Ob kurze Darstellung der analogen und digitalen Aufnahmetechniken, Einbindung elektronischer und akustischer Klangerzeuger samt Grundlagen der Mikrofonierung, Erläuterungen zu MIDI in Anwendung und Protokolldetails, Einsatz von Effektgeräten, Mischpulten, Verkabelung, Synchronisation, eine Prise elektrotechnische Grundlagen... 'Das Homerecording Handbuch' kommt unscheinbar daher, ist klein und nicht zu dick. Aber nach dem Motto "innen größer als außen" werden IMHO doch alle relevanten Themen abgehandelt, und zwar in vielen Aspekten auch detailreicher, als es eben das äußere Kleinformat des Buches vermuten lässt!Darüber hinaus gefällt mir der Schreibstil des Autors, der bekanntermaßen "fit" in der Materie ist und trotzdem nicht akademisch dozierend langweilt sondern mit frischer, praxisnaher Sprache informiert.
Das Buch lag 2 Jahre ungelesen bei mir im Regal (eben mangels Zeit...) und umso erstaunter bin ich jetzt, dass es dennoch nicht überholt resp. veraltet wirkt - 90% der Infos darin sind eben in gewissem Sinne zeitlos richtig und wichtig.

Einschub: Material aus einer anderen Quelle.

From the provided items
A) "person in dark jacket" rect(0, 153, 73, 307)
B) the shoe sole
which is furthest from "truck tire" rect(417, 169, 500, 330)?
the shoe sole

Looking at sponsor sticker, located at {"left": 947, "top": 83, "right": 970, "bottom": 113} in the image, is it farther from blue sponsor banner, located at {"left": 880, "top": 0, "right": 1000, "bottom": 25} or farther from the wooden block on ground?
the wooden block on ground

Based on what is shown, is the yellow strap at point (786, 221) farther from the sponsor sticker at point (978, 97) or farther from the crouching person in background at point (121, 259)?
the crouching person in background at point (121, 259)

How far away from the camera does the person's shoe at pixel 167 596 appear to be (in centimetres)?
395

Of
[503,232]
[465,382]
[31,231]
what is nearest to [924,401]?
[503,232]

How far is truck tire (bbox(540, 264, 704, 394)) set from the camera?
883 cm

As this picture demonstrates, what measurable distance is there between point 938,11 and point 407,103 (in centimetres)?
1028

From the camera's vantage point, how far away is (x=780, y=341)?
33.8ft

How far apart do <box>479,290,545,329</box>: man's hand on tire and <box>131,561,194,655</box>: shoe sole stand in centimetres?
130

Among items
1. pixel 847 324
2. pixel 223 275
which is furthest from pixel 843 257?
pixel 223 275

Deshalb denke ich sogar, dass sich das Buch selbst für Einsteiger mit nur minimaler Vorbildung (3 Ausgaben von KEYBOARDS oder KEYS lesen) eignet, um damit die wesentlichen Aspekte des Homerecording zu begreifen - auch wenn dabei der eine oder andere Fachterminus vielleicht nicht ad hoc verstanden wird. Aber dafür gibt es ja in jeder KEYBOARDS das Glossar, gell. :-)In diesem Sinne: Glückwunsch, volle Punktzahl!

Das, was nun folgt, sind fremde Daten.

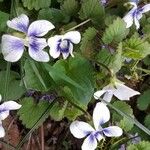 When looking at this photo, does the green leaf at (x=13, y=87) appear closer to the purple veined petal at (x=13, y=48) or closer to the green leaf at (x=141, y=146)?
the purple veined petal at (x=13, y=48)

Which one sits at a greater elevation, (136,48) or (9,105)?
(136,48)

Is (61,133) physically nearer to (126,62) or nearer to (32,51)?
(126,62)

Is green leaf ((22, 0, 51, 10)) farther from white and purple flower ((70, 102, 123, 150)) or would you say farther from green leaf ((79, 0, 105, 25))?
white and purple flower ((70, 102, 123, 150))

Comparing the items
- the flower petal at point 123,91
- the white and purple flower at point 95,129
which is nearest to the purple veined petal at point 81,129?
the white and purple flower at point 95,129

P.S.: Auch den Vorwurf mit der Werbung kann ich nicht teilen. Es ist IMHO nicht nur legitim sondern grundsätzlich notwendig, in einem Praxis-Handbuch (sic!) exemplarisch Produkte der besprochenen Gattung zu nennen und zu zeigen. Und mehr tut Roland Enders in seinem Buch nicht.